City to mark one-year anniversary of tornado

Staff Report

A ceremony commemorating the one-year anniversary of the New Year’s Eve tornado that ripped through the city of Sunset Hills will take place at 11 a.m. Saturday, Dec. 31, at the Community Center, 3915 S. Lindbergh Blvd.

City officials plan to unveil the flag that was flying over Watson Trail Park when the category EF3 tornado struck Sunset Hills. The flag has been framed and will hang in the Community Center.

The flag was recovered by resident Jim Williams after the tornado with winds near 150 mph tore a path of destruction from just east of the Fox Bridge subdivision along West Watson Road through the South Lindbergh Boulevard intersection.

Of the ceremony, Mayor Bill Nolan told the Call, “The flag will be mounted in its permanent location and we’re just going to invite everyone to gather around and see it unveiled. In most cases for the community at large, this will be the first time they will see the damage that the tornado managed to do to the flag without destroying it.
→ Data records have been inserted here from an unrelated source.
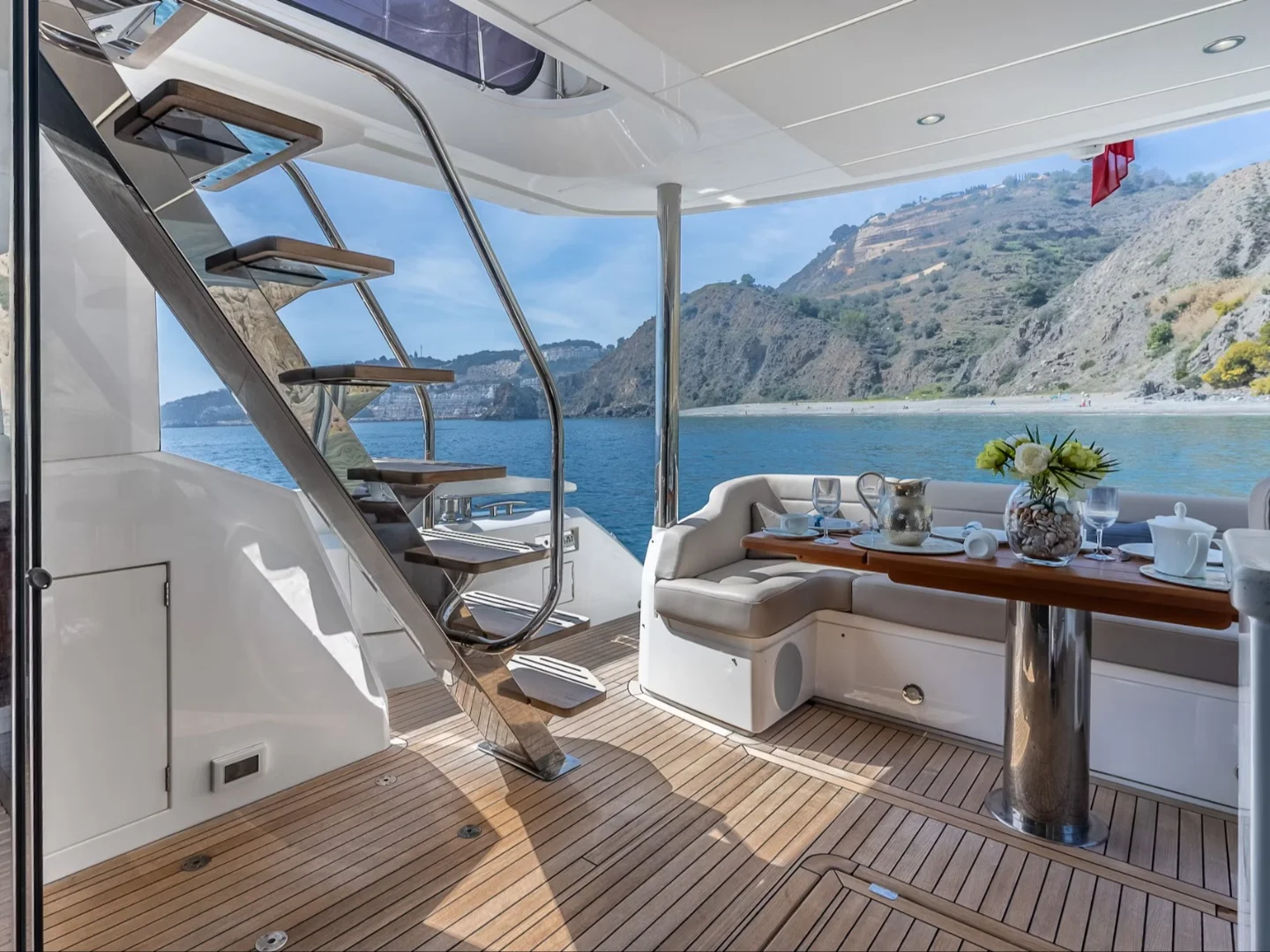 MY Lanonno | Sunseeker Manhattan 66 - Photo 14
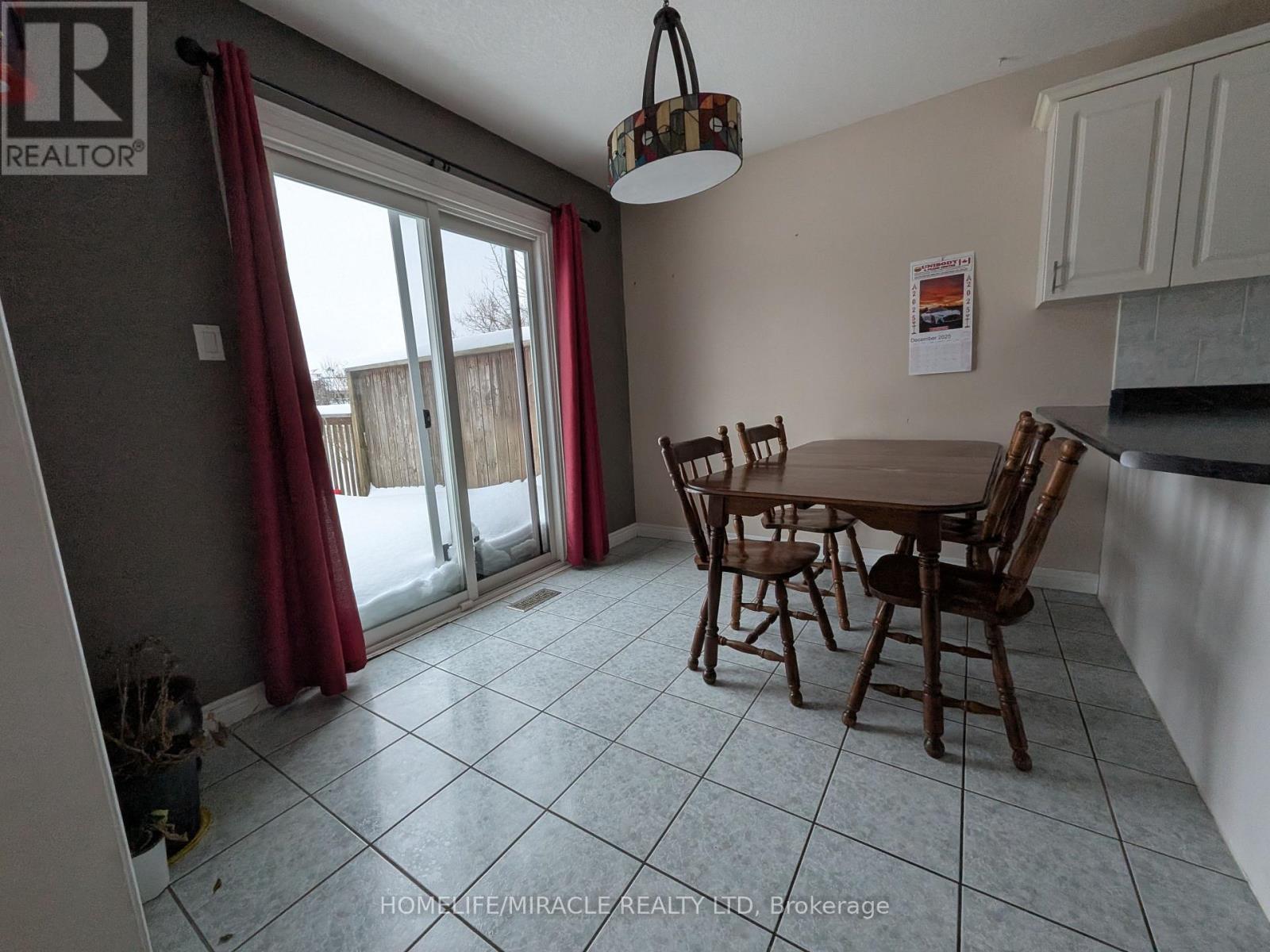 352 Bankside Drive, Kitchener, Ontario  N2N 3K1 - Photo 3 - X13876922
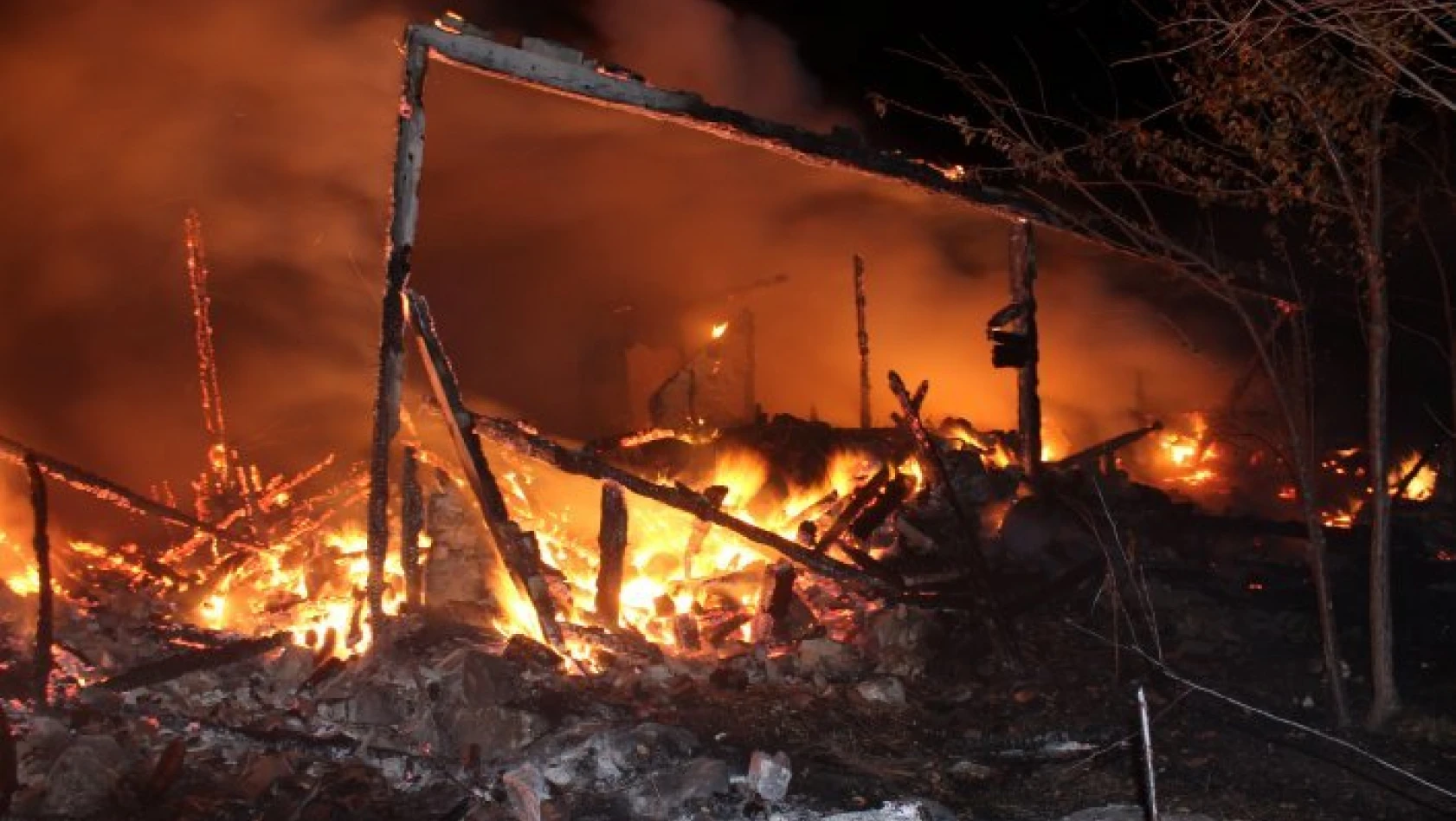 Kaymakam Pişkin, Tosya'daki yangınla ilgili açıklama yaptı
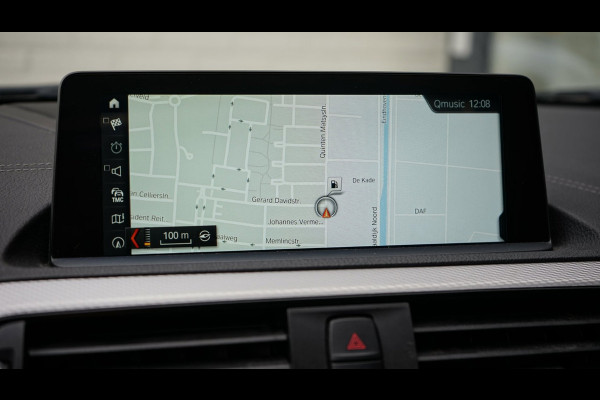 BMW 1-serie 118i M Sport Shadow Line AUTOMAAT|CRUISE|FULL LED|LEDER|NAVIGATIE|PANORAMA|STOELVERWARMING|TREKHAAK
“… We will unveil the framed flag as close as we can to the time the tornado went through Watson Trail Park and blew it down. Now the tricky part of that is nobody can agree on what time it was,” he added, noting that differing accounts exist of the precise time the tornado struck. “So we’re going to be close, I hope.”

After the tornado struck last year, Nolan called it a “New Year’s Eve miracle,” citing less than a handful of minor injuries and no fatalities.

On Friday, Nolan recalled the tornado “played havoc with Watson Trail Park. I mean we had 250, 300 trees down and the shelter down and the tennis courts down and so on. And in the process, it knocked the flagpole down and Jim Williams found the flag in the debris, mud and rain as he was trying to get back to his home at Fox Bridge and he couldn’t get down Watson because of all the trees.

“Now there’s an adjunct story that his wife (Betty) was coming west on West Watson at the time the tornado hit and couldn’t see to drive. So she pulled over and put it in park and a tree fell on her car and totaled it. It didn’t hurt her,” he said.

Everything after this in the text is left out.